→ Your instructions: Before printing the listing, strip out its pictures and keep everything else exact.

→ Stored data:
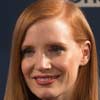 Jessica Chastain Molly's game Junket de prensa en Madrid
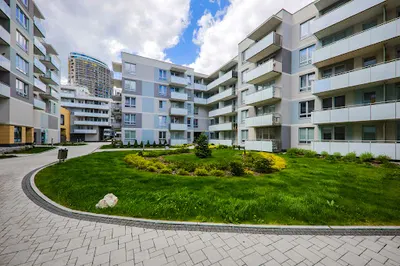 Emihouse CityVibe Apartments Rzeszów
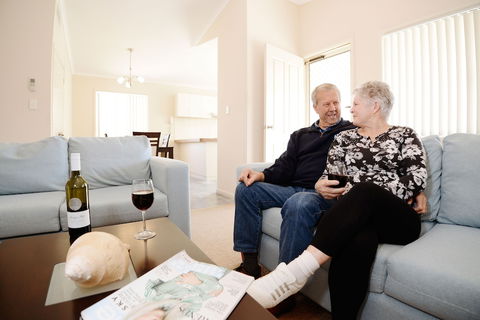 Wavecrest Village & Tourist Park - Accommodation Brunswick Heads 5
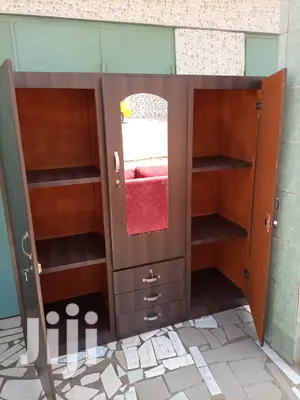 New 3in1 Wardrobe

→ Response for this exercise:
 Jessica Chastain Molly's game Junket de prensa en Madrid
 Emihouse CityVibe Apartments Rzeszów
 Wavecrest Village & Tourist Park - Accommodation Brunswick Heads 5
 New 3in1 Wardrobe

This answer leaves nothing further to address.